= Your assignment =
The lines below, from the one holding "康复科医生教你如何选择枕头保护颈椎？" through the final line, are to be copied exactly, with no other lines and no pictures.

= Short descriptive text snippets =
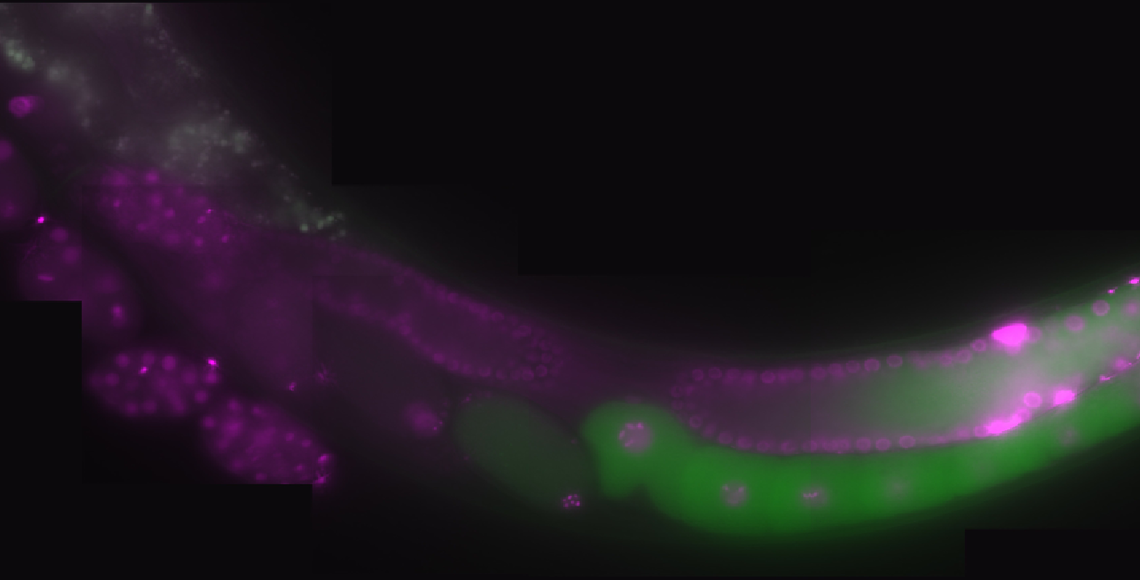 Expression of the RNA-binding protein LIN-41 (green) and DNA (magenta) in the germline of C. elegans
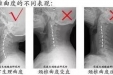 康复科医生教你如何选择枕头保护颈椎？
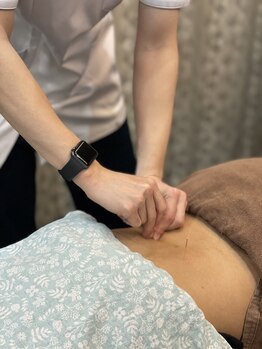 もりわき骨盤鍼灸整骨院 堺筋本町/◇鍼灸施術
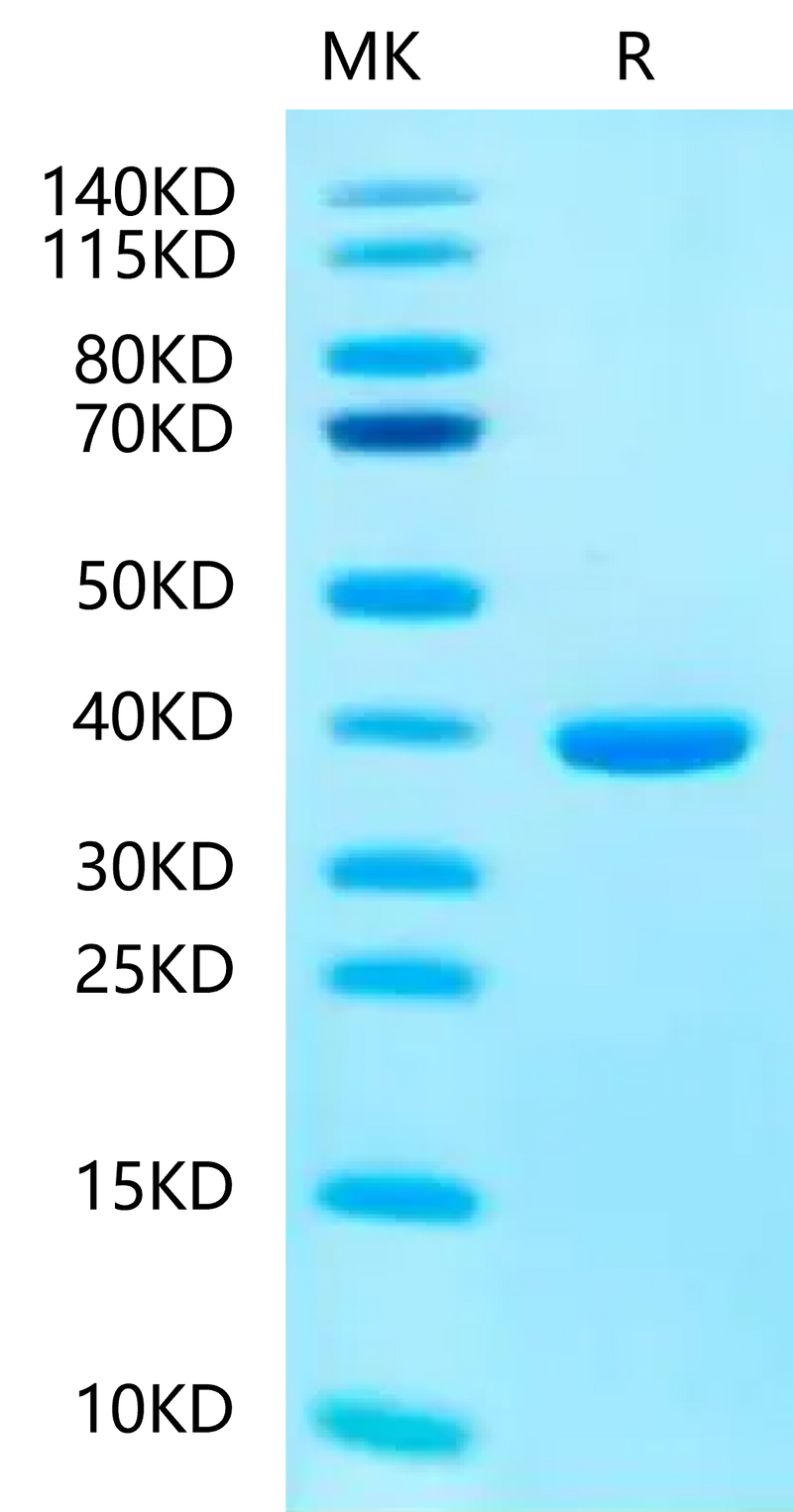 Human SMR3B on Tris-Bis PAGE under reduced condition. The purity is greater than 95%.Recombinant Human SMR3B-Protein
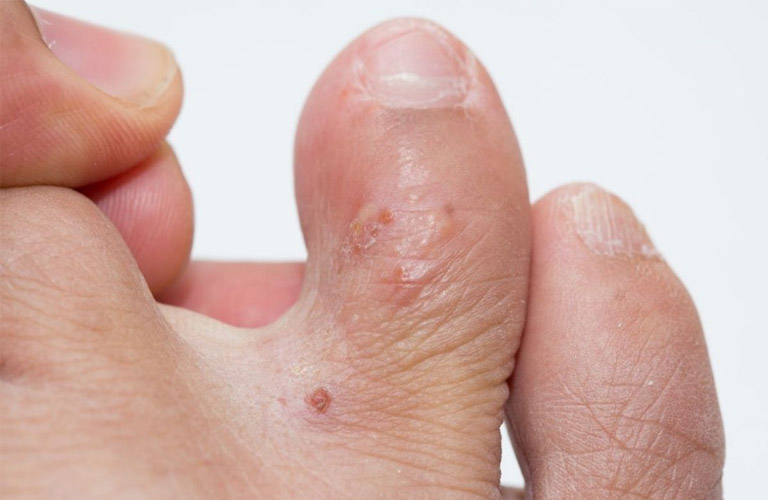 Bệnh tổ đỉa ở chân là gì?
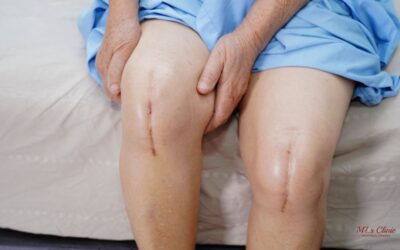 Knee Replacement Surgery- Disadvantages of delaying it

= Problem solution =
 康复科医生教你如何选择枕头保护颈椎？
 もりわき骨盤鍼灸整骨院 堺筋本町/◇鍼灸施術
 Human SMR3B on Tris-Bis PAGE under reduced condition. The purity is greater than 95%.Recombinant Human SMR3B-Protein
 Bệnh tổ đỉa ở chân là gì?
 Knee Replacement Surgery- Disadvantages of delaying it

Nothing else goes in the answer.